* _TASK INSTRUCTIONS_
Starting at the line that contains "VINTAGE MID-CENTURY LOOM-WOVEN" in the listing below, write out every line word for word until you have written the line that contains "A white Beverage-Air".

:: INPUT

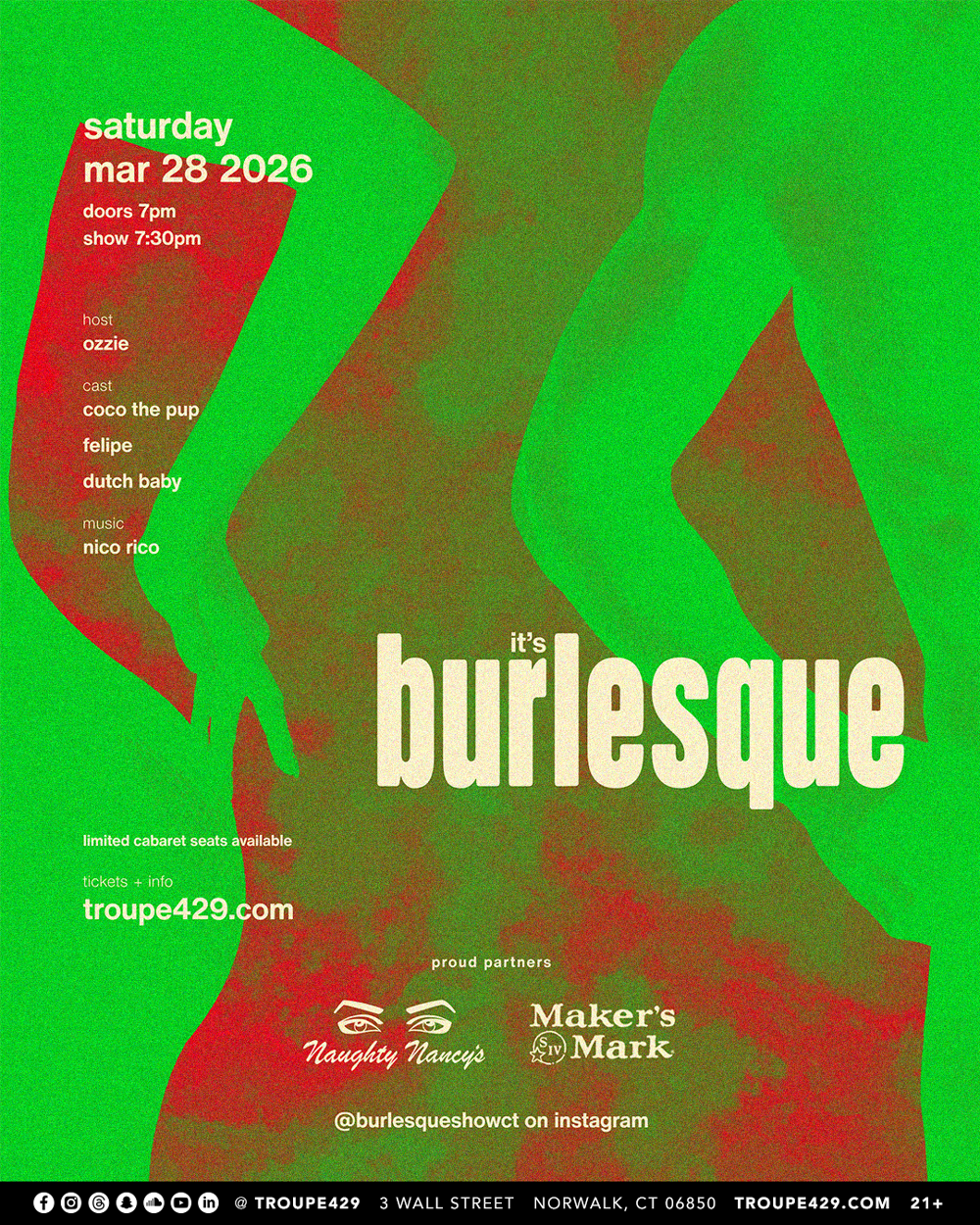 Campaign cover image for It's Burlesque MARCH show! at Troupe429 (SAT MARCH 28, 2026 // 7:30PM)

::::
:: INPUT

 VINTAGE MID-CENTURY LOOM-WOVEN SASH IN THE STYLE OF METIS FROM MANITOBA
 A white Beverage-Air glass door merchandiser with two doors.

::::

* _ANSWER TO THIS PROBLEM_
 VINTAGE MID-CENTURY LOOM-WOVEN SASH IN THE STYLE OF METIS FROM MANITOBA
 A white Beverage-Air glass door merchandiser with two doors.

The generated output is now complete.